Terribly sorry for how late this is! I found little time to write yesterday and if I had forced a piece then it would have been terrible. Better late and decent than on time and horrible.

I thought that we’d talk about the new trend in gaming, microtransactions. I’ve started a bit of a walkabout on microtransaction-based games, as well as others (Which I will be documenting here, shameless plug), and I’ve seen the face of the monster that is MTs.

In theory, micro-transactions are a wonderful idea. A developer doesn’t want to give away new, minor content for free because it comes at a loss for them. After all, making small changes won’t draw new people into the game, and everything costs money to develop. So why not charge a tiny fee, a dollar or two at most, for the items?

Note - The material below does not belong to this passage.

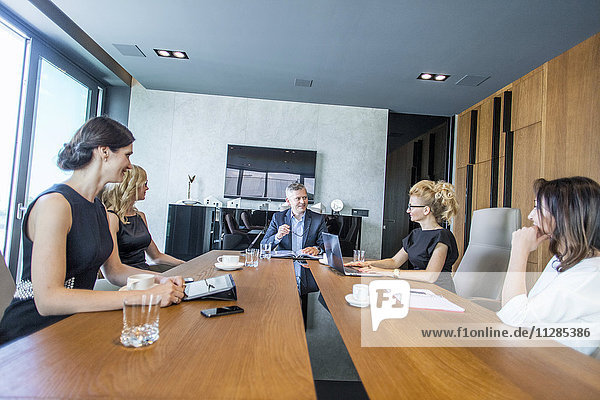 Business people having a meeting in conference room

The players get new items consistently, the developers get paid, everyone wins!

In theory. The problem with the current model of micros is that the developers just got so excited over the “transaction” part and in the process forgot about the “micro” issue.

Prices have to be fairly low for this model to work, especially in a market where third-party games are going for fifteen bucks or less a pop. Unfortunately, there is a certain tendancy to overcharge for the perks. A recent example of this is TF2‘s new Mann Store. Before you start, yes, I know that you can get the items without buying them.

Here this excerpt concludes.